Personally, I think the TP-CASTT strategy is a good tool to help students break poetry into more manageable “chunks” of understanding.  It is a good way to build upon elements of the poem to reach a cohesive conclusion about the theme that can then be supported with evidence.

The parts of TP-CASTT are as follows:



What might this poem be about based upon the title?  Are there any “clues” hidden in the title? Such as:

  • Allusions
  • Symbols
  • Literary devices
  • Possible perspectives


  • What is happening in the poem?
  • Is there a literal situation or experience that can be identified?


What poetic devices are used in the poem?

o    Imagery

o    Figures of speech (simile, metaphor, personification, symbolism etc.)

o    Diction (word choice)

o    Point of view

o    Sounds devices (alliteration, onomatopoeia, rhythm, rhyme etc.)

  • Why does the author use these devices? What effect do they have on the reader?
  • How do these devices and effects contribute to the overall meaning of the poem?


When determining attitude, think “complexity.” Human feelings and expressions are often complex in poetry (and otherwise, too) and cannot be named in a single word.

  • What is the primary attitude present in the poem about the subject?
  • Are there shifts in attitude?
  • Are there secondary emotions present?
  • What devices contribute to the development of these attitudes?

o    Diction

o    Imagery

o    Other details


Where are there shifts in attitude or understanding within the poem? Are those shifts indicated by:

  • Key words, (but, yet, however, although)
  • Punctuation (dashes, periods, colons, ellipsis)
  • Stanza divisions
  • Changes in line or stanza length or both
  • Changes in sound that may indicate changes in meaning
  • Changes in diction

Title- Revisited

Look at the title again:

  • What new insights do you have about the title?
  • What do you think the title means now?

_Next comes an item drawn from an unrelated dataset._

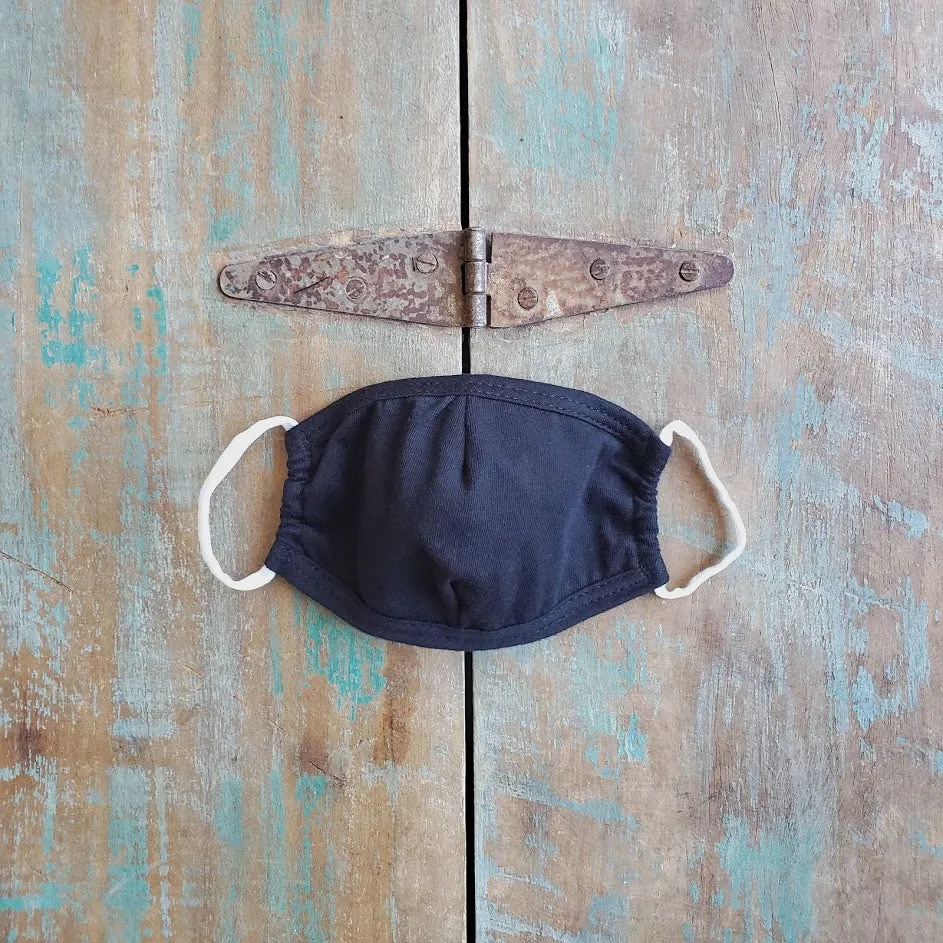 KIDS COTTON FACE MASK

  • What subject or subjects does the poem address?
  • What is the author’s perspective on this/these subject(s)?
  • What did you learn about those subjects? What idea does the poet want you to take away concerning these subjects?


After completing these parts of poetry analysis, students will be prepared to write an analysis of a theme in a poem using textual evidence to support how that theme is developed throughout.

In addition, there is also a graphic organizer provided below that students can use to analyze two poems and then compare and contrast how they deal with a similar theme in an essay or short writing.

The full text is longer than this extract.